PROBLEM
With the pictures omitted, please transcribe exactly the lines beginning at the one that contains "Figurine - GIFT!" and ending with the last line of the records below.

Top of DATA RECORDS

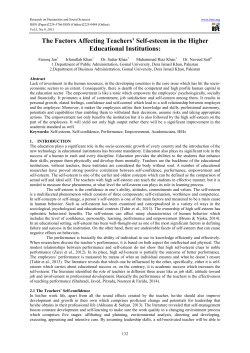 The Factors Affecting Teachers` Self-esteem in the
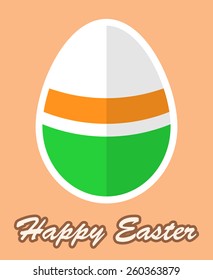 Easter egg(with orange stripe and green stripe) and happy Easter text flat design vector. Template for for greetings card and etc.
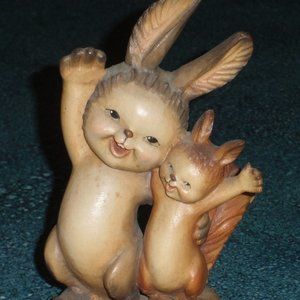 6" Anri Ferrandiz Carved Wood "Greetings" Rabbit & Squirrel Figurine - GIFT!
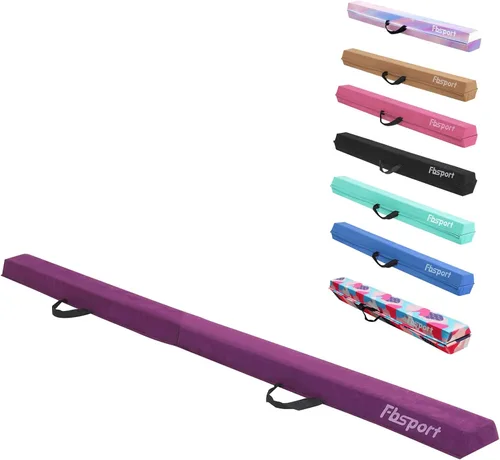 Miniatura 11 de FBSPORT Viga de Equilibrio de 8 pies/6 pies: Equipo de Gimnasia de Suelo Plegable para Niños y Adultos, Base de Goma Antideslizante, Viga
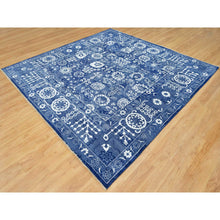 Load image into Gallery viewer, 10&#39;x10&#39; Kensington Blue, Hand Knotted, Tone On Tone, Tabriz With All Over Leaf Motifs, Wool And Silk, Oriental, Square Rug FWR544014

Bottom of DATA RECORDS

WORKED SOLUTION
 6" Anri Ferrandiz Carved Wood "Greetings" Rabbit & Squirrel Figurine - GIFT!
 Miniatura 11 de FBSPORT Viga de Equilibrio de 8 pies/6 pies: Equipo de Gimnasia de Suelo Plegable para Niños y Adultos, Base de Goma Antideslizante, Viga
 Load image into Gallery viewer, 10&#39;x10&#39; Kensington Blue, Hand Knotted, Tone On Tone, Tabriz With All Over Leaf Motifs, Wool And Silk, Oriental, Square Rug FWR544014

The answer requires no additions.